Unless some sort of major breakthrough occurs, cars powered only by compressed air just can't be practical. Conventional cars, or course, store the potential energy of gasoline, which can propel a 3,000 lb vehicle for 400 miles or more. For most people, that will last a week or more between fillups. You can also cruise at speeds of 60 mph or more and get high acceleration when you need it. That's a far cry from the Tin Lizzies of 100 years ago.
It's also a far cry from today's electric cars. Electric cars don't provide much more perfomance than they did 100 years ago. Using the latest technology in batteries can yield some decent acceleration, but the range of electrics is still only about 120 miles. So if you want to drive from Cleveland to Cincinnati (roughly 250 miles), you'll have to stop to recharge the batteries twice during your trip — and even more if you use air conditioning, heater, or headlights.
Air cars are no better. There's only so much compressed air energy a vehicle can store — and it's nowhere near that of 20 gal of gas. With their range of maybe 100 miles, compressed air cars are only practical for going back and forth to work (if you live 25 miles or less from where you work) and for local trips. If you want to go cross country, you'll have to stop frequently to recharge the compressed air supply.
Whether they're electric or air cars, these vehicles seem like only sophisticated golf carts. In fact, it almost sounds like they revert back to the steam age. When steam locomotives ruled the rails, you could travel from Boston to LA, but you had to stop frequently to replenish fuel, water, or both. Don't get me wrong, I'm all for finding alternative energy to reduce harmful effects on the environment. But this discussion is about alternative drives.

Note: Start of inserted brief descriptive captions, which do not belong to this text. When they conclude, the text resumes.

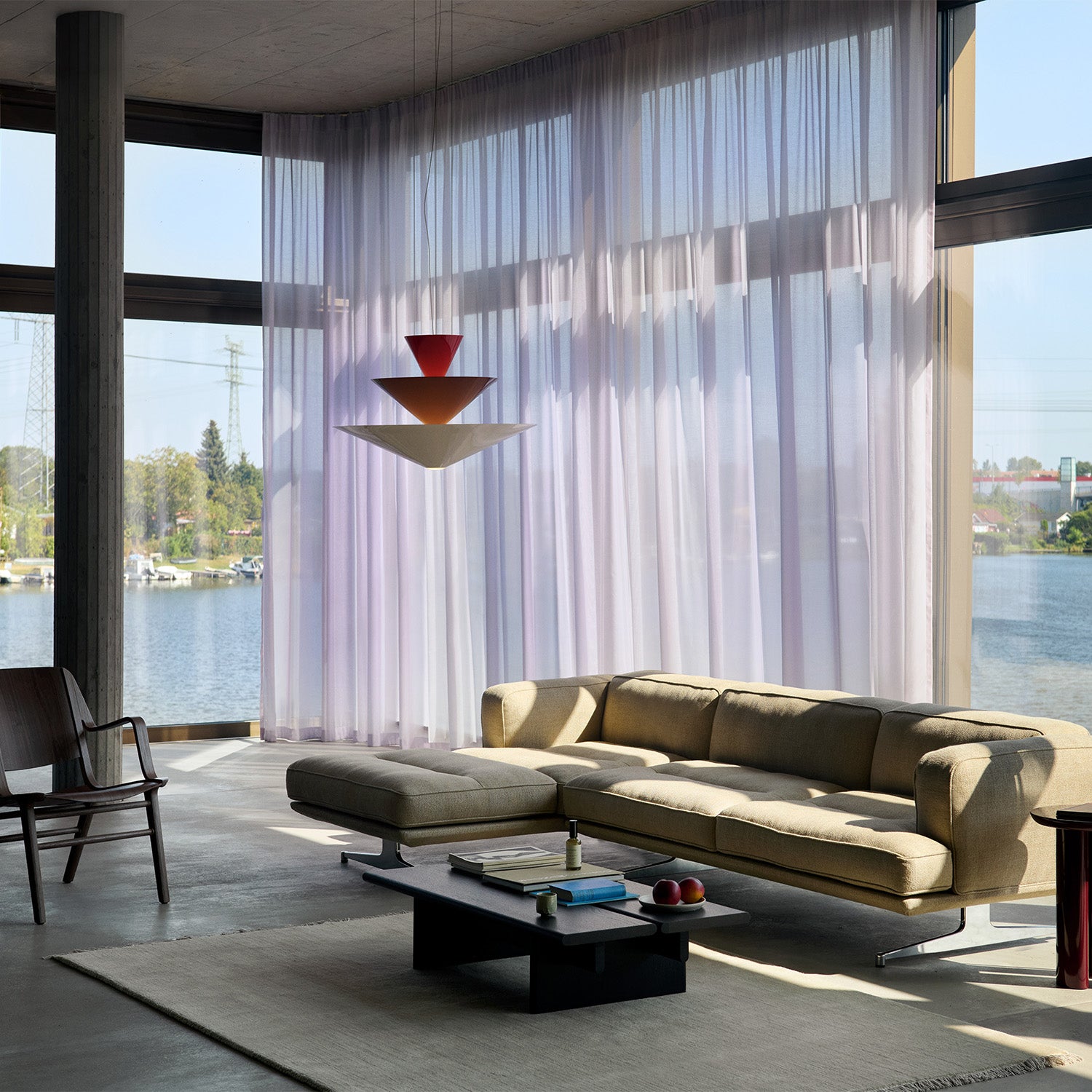 Gio Pendant Vermilion Red, Dark Burgundy & Ecru White LN15 Ø92 cm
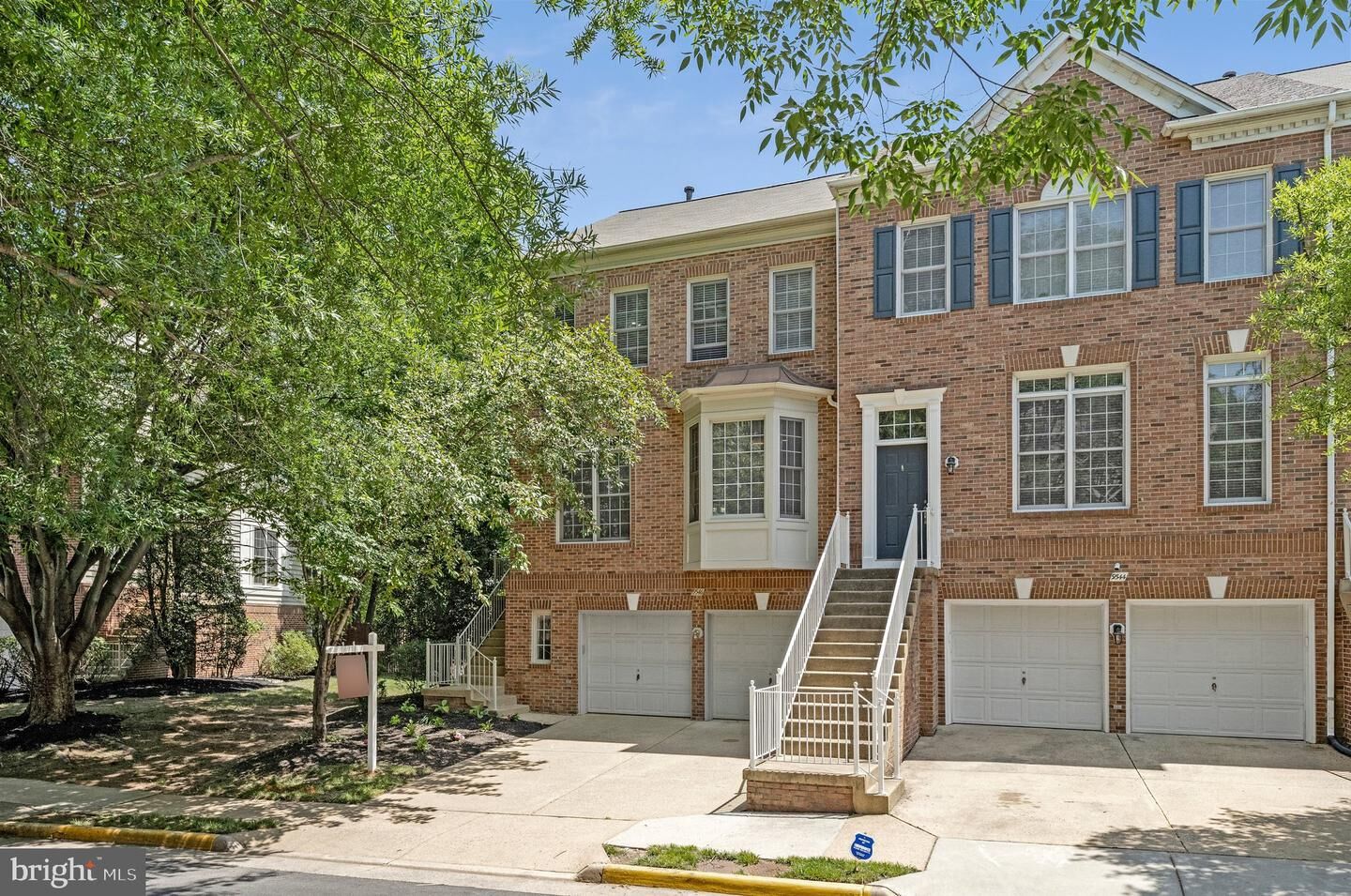 Property Photo:  9546 Lagersfield Circle  VA 22181 
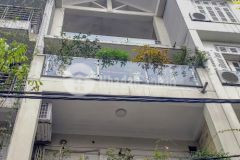 Bán nhà hoàng liệt 40m 4 tầng gara ô tô hơn 4 tỷ.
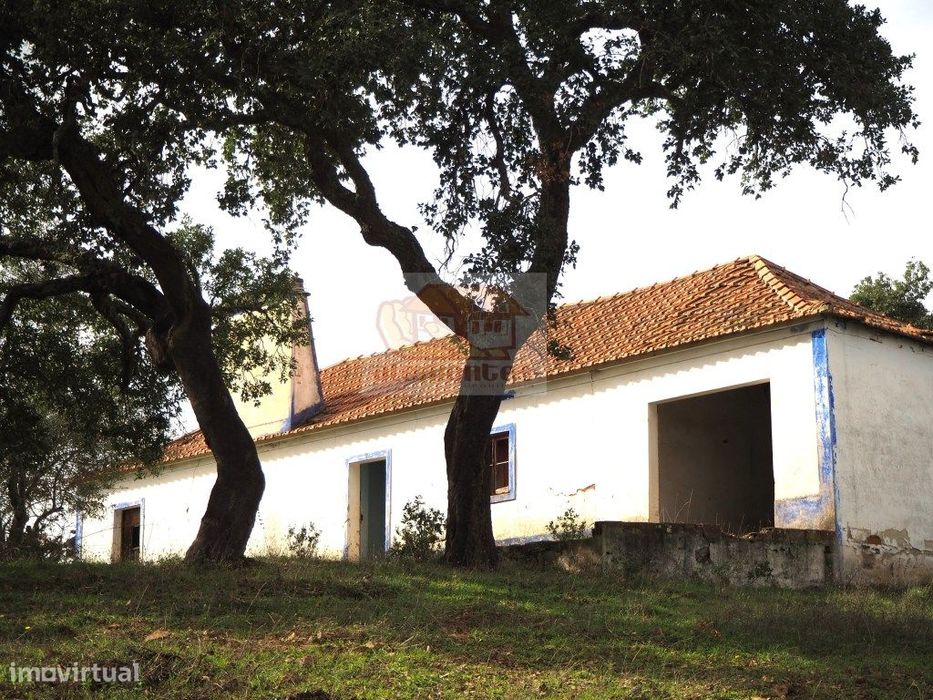PROJECTO APROVADO para HOTEL RURAL - Terreno com 12 hectares e ruín...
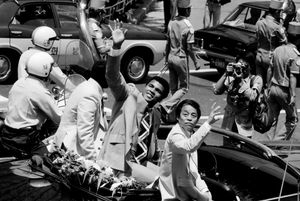 1976년 서울에서 카퍼레이드를 하고 있는 알리.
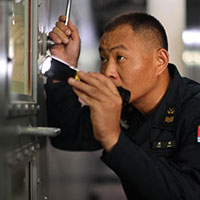 艦之心 兵之王——記海軍導(dǎo)彈驅(qū)逐艦?？谂灱紟熤軒?/>
                            </div>
								</div>
								<h3>
									艦之心 兵之王——記海軍導(dǎo)彈驅(qū)逐艦?？谂灱紟熤軒?								</h3>
								<p>
									水兵們說，周帥是“大洋上的聽診師”，聽燃氣輪機運行的聲響，就能辨別有無故障；蒙著眼，也能知道閥門位置和管道走向。
								</p>
						</a>
					</div>
				</div>
								<div   id=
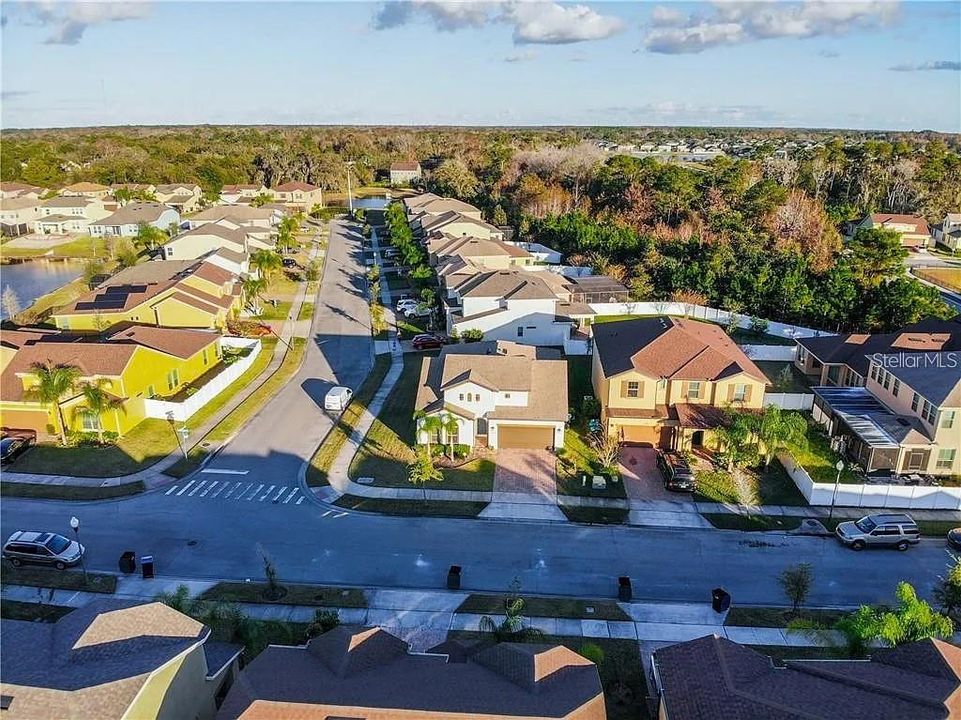 合同活跃: $495,000 (3 贝兹, 2 浴室, 2023 平方英尺)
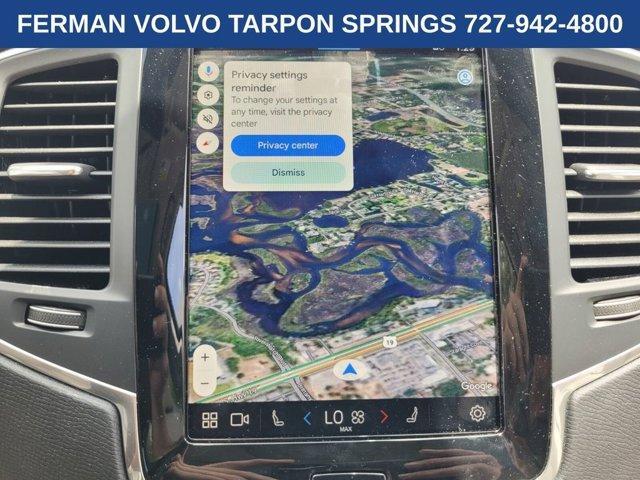 Photo of 2025 Crystal White Volvo XC90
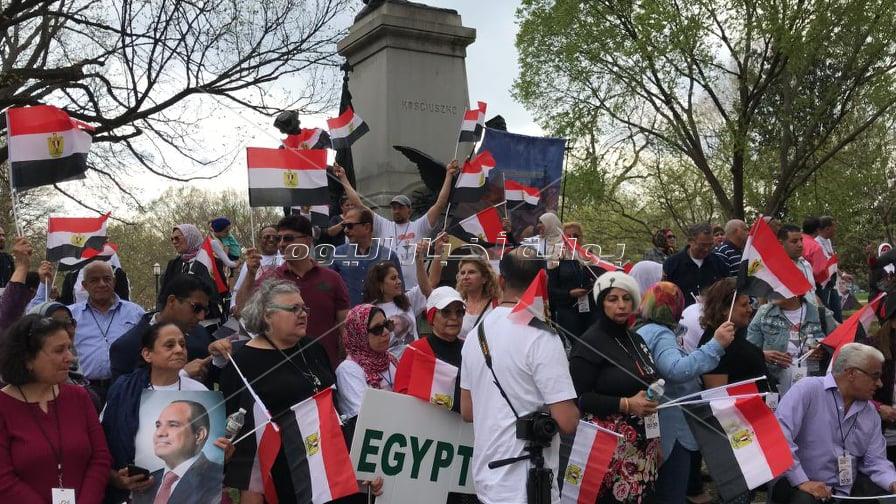 الجالية المصرية بواشنطن ترحب بالرئيس السيسي أمام مقر إقامته بواشنطن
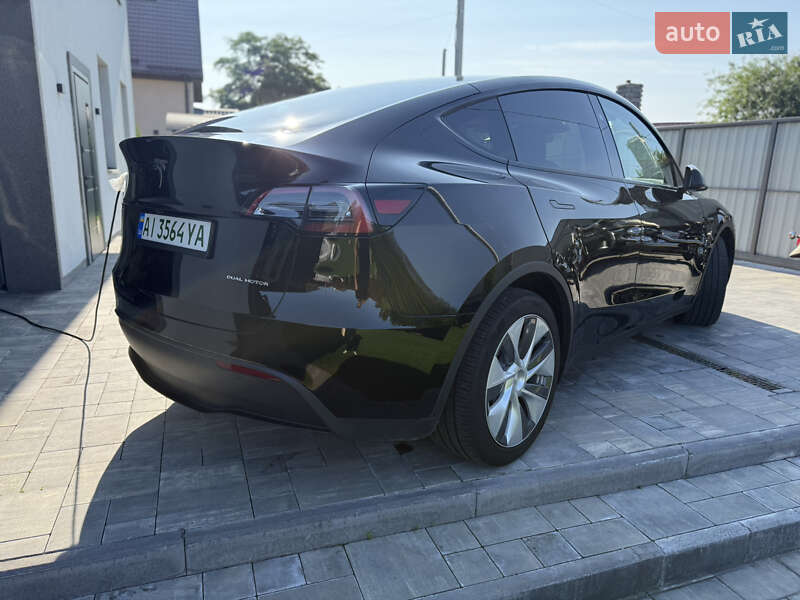 Внедорожник / Кроссовер Tesla Model Y 2023 в Киеве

I recently heard about an alternative drive under development at PSA Peugeot Citroën. Researchers there are working on a gasoline-compressed air hybrid. This hybrid air car sounds much more practical because it uses a small gas engine to drive an air compressor — thereby negating the need to frequently recharge the vehicle with compressed air. Sure, it's not a zero-emissions vehicle, but researchers are shooting for a fuel economy of 2 l/100 km (about 118 mpg). To learn details, click here. To watch a video summarizing the technology, click here.
Another interesting aspect of this vehicle is its variable transmission, which provides high torque for acceleration at low speed and also lets the engine run economically at highway speeds. In this case, the transmission is hydraulic, rather than the series of gears used in a manual transmission or the hydrodynamic system used in automatic transmssions. Sounds like a topic for future coverage.
In conclusion, I'm not claiming that all-electric or all-air cars can't work. They certainly can, but widespread use will require Americans to alter the way they use their cars. That's about as likely as the US standardizing on the metric system.